Since last weekend, I have been more homesick and starving for the love of my parents more than I have since I was 18 and moved into my first dorm room. I constantly want to talk to my mom, tell her how much I just love her, how proud I am to possess the traits she bestowed upon me. I want to tell her that there is no woman in the world I find more awe-inspiring,  more beautiful.

I grew up with quite a dysfunctional family and ever-changing living situation, but in hindsight, I am now more grateful than ever for my family. I love them more than words can say. Though we grew up unconventionally, I consider myself lucky to have gotten to know my parents as people, as flawed human beings with imperfections, quirks, fears, and desires of their own. As an adult, I respect them completely for who they are and feel that I love them on a level most children never grow to love their parents.

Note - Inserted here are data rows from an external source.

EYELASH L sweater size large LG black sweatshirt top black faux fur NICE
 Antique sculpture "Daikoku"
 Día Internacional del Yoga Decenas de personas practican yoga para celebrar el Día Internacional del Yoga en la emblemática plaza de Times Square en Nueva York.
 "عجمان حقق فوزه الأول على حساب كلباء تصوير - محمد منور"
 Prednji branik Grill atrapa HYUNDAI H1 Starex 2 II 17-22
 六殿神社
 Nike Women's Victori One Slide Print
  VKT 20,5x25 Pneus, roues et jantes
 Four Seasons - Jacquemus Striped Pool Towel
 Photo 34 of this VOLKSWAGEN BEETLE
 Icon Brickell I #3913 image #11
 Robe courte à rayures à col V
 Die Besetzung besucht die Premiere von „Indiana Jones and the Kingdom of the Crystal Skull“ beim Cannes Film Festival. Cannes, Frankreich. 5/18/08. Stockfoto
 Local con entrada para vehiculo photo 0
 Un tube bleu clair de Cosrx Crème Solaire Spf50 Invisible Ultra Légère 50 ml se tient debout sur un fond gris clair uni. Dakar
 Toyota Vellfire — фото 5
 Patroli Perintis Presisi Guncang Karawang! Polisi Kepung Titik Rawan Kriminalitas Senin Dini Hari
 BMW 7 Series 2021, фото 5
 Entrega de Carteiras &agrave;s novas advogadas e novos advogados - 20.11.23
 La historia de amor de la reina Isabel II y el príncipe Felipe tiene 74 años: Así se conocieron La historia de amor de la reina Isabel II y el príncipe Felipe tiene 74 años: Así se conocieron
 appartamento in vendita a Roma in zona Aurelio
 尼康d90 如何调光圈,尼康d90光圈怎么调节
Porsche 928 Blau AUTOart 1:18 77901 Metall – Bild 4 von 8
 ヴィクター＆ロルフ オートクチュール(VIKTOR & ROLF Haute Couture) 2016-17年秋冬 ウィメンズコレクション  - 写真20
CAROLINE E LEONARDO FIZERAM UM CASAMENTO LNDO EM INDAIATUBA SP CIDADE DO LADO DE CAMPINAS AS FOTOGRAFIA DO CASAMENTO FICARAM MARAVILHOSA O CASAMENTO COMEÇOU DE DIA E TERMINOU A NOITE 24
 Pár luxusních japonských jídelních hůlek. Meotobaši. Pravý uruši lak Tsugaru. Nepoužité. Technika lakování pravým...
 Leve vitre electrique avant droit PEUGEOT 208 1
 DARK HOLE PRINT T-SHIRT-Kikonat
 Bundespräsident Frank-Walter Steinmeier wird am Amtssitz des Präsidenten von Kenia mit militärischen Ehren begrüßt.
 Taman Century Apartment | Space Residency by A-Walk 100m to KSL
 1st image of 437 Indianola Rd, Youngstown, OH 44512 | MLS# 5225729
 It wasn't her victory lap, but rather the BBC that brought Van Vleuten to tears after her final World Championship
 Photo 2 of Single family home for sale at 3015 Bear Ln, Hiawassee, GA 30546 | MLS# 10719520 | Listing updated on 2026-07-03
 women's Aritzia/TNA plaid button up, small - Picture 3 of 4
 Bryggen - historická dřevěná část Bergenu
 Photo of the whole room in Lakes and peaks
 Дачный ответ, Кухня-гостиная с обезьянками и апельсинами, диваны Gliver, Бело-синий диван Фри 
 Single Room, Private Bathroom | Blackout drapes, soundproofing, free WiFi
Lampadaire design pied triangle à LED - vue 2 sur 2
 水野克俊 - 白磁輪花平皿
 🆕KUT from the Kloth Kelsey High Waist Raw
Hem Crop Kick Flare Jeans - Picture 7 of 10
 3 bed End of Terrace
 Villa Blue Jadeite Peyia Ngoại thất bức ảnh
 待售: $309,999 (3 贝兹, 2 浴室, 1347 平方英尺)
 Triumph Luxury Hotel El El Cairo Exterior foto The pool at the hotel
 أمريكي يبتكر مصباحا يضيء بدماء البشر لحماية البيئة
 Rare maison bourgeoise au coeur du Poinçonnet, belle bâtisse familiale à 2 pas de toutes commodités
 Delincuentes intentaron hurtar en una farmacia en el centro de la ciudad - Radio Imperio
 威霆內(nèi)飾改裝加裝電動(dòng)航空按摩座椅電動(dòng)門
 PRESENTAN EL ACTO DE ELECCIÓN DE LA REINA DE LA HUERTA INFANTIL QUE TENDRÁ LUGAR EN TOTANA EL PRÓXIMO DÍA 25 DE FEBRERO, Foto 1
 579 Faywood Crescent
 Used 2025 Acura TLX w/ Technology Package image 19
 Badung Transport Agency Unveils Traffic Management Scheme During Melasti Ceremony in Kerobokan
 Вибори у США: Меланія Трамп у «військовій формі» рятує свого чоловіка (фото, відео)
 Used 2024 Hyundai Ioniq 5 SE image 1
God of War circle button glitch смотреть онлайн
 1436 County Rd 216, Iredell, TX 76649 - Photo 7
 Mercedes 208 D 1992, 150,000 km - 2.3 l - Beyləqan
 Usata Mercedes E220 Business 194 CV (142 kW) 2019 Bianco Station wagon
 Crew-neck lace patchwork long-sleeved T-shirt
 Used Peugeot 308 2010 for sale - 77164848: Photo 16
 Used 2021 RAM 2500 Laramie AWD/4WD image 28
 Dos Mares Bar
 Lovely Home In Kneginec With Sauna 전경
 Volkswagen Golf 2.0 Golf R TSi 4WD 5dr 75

Being a kid and living at home is something that I never get to relive again. I do not miss the awkward insecurity that is being an adolescent or the turmoil of coming from a multiple-times broken home, but I miss getting to see the faces of the ones who made me, whose blood I share, whose habits, voices, mannerisms, routines I know oh so well. It is gone, and life is fleeting so take a moment and appreciate the ones who love you the most, who are stuck with you forever, whether you’re under their roof or have left the nest.